So, we know being in the pet services industry means a possible strike up in revenues. Human cemeteries around the world are now considering dipping into the pet industry market. David and Kristen McVeigh-Parente, owners of McVeigh Funeral Home in Albany, NY, considered adding new services to their 4th generation cemetery. Their logic is simple for investing in this industry. Families treat their pet as a part of the family, so they should receive the same treatment. ‘ “We will bring the knowledge, skill set and respect that we offer humans to beloved pets” ’ stated David Parente.
It’s not as easy as just building a place to do solely pet cremations. There are many rules and guidelines to follow, making this investment a little tricky. The McVeigh’s experienced a bump in the road when they put in a request to convert a garage into a crematorium! Many red flags arose not only from the state but the surrounding community. For starters, as Grondahl noted, the state law prevents a licensed funeral home from owning a crematorium. In addition, the community had concerns about chemical discharges and noxious odors. An investor should always review the rules and guidelines of his/her state before moving forward with building.

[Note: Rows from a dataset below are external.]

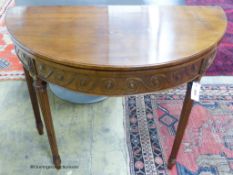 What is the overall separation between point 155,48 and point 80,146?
739 mm

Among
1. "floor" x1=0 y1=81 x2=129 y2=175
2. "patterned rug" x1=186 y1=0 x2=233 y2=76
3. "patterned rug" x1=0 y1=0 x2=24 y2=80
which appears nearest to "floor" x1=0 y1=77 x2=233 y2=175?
"floor" x1=0 y1=81 x2=129 y2=175

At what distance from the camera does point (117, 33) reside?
2.84 feet

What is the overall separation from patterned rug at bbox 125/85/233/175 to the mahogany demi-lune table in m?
0.36

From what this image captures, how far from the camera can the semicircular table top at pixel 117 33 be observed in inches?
29.4

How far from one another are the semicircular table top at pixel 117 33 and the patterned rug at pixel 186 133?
661 millimetres

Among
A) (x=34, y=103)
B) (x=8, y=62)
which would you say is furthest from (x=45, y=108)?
(x=8, y=62)

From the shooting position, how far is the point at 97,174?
46.8 inches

While pending approval from the city, the McVeigh- Parente’s presented their plans to surrounding neighbors, neighborhood association, and a Common Council member. Brad Glass, Albany land use planner, stated in the interview, “We need to do our due diligence and make sure it’s not going to impact the surrounding residents”. Community concerns should be taken into account when anyone is dealing with not only human, also pet cremations as well.

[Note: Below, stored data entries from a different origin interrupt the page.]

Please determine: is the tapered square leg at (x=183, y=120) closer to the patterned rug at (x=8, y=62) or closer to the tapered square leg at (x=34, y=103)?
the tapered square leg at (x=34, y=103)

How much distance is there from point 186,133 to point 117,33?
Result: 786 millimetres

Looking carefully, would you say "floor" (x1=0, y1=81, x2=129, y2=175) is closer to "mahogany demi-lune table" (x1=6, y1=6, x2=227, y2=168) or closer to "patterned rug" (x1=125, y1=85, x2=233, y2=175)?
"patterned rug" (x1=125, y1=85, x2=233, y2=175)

Many pet crematories purchase their equipment from Matthews International. According to Grondahl, the McVeigh-Parente’s plan on doing the same. This company offers state of the art equipment for crematories. Catering to pets of all sizes and humans as well. Most importantly, Matthews International’s equipment has ‘guaranteed environmental acceptance’, tackling the issue of chemical discharges among communities. Another upcoming safe and environmental friendly way of cremation is Alkaline-Hydrolysis. Click Here to read more!
The McVeigh-Parente’s, along with many other individuals who want to open a pet crematory, learned they will have to do a bulk of work before construction even begins. Some of these include:
· Checking to see the legal issues affiliated with opening a business
· Environmental concerns
· Community involvement
And many more!
What issues have you encountered in regards to location when opening your crematory?